___ Record extracts
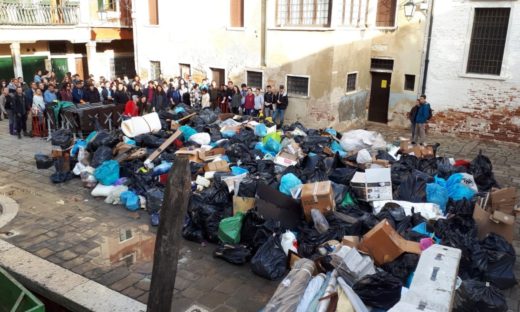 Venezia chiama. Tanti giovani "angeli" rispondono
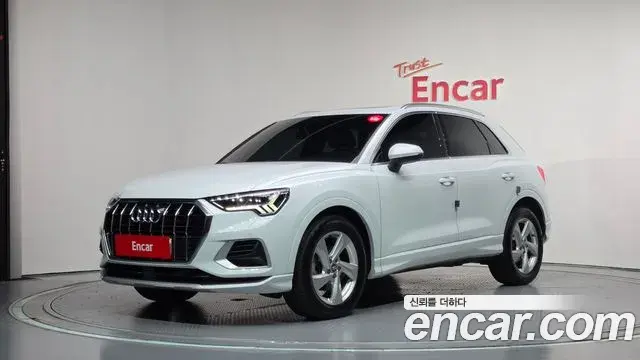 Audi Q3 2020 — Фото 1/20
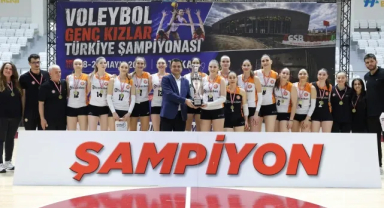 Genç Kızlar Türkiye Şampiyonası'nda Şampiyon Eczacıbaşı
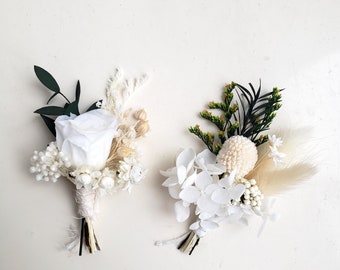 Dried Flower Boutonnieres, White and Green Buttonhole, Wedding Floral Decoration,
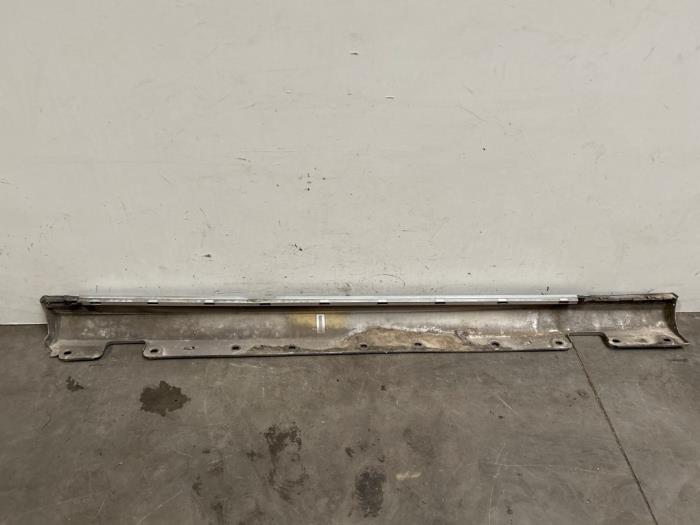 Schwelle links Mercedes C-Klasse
______
___ Record extracts
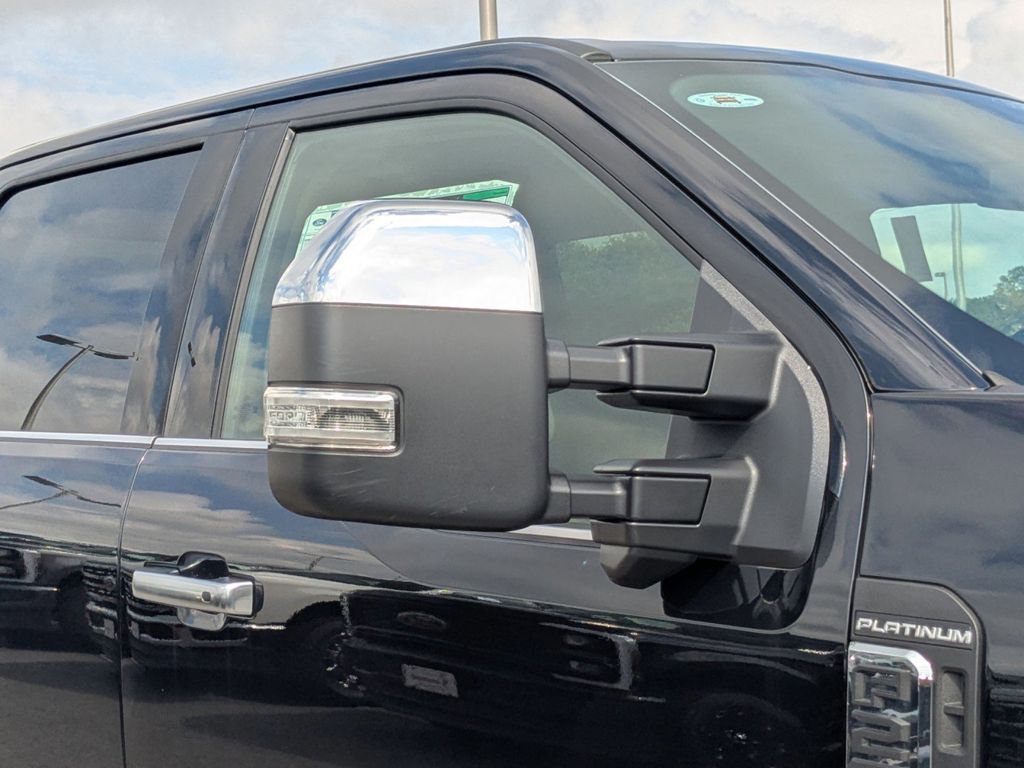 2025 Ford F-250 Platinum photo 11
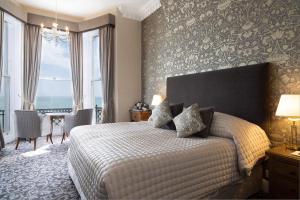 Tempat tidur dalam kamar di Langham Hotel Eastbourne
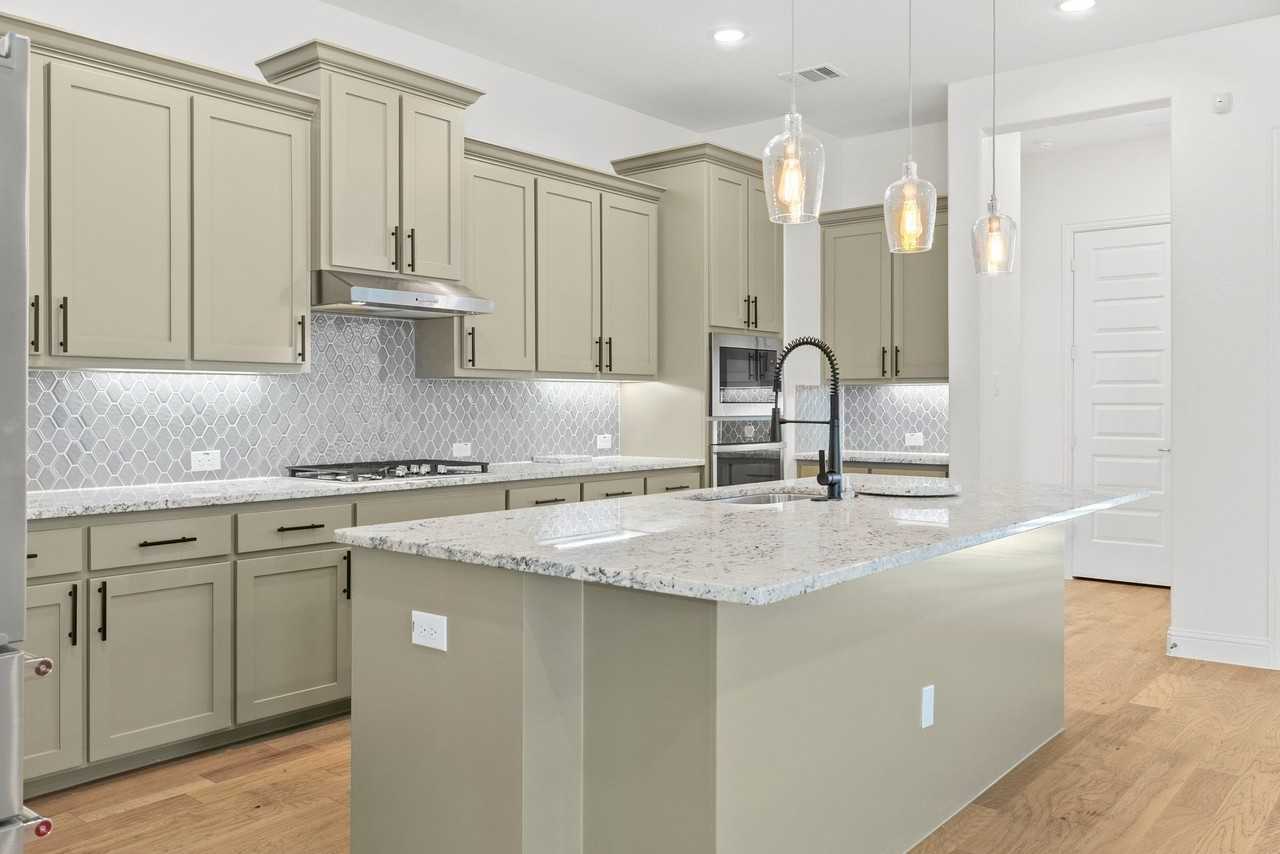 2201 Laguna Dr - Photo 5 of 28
______
▶ **What you will do**
The response must repeat exactly the lines above from the one with "Genç Kızlar Türkiye" through the one with "Schwelle links Mercedes C-Klasse", including both, and must contain no pictures and no other text.

▶ **Written response**
 Genç Kızlar Türkiye Şampiyonası'nda Şampiyon Eczacıbaşı
 Dried Flower Boutonnieres, White and Green Buttonhole, Wedding Floral Decoration,
 Schwelle links Mercedes C-Klasse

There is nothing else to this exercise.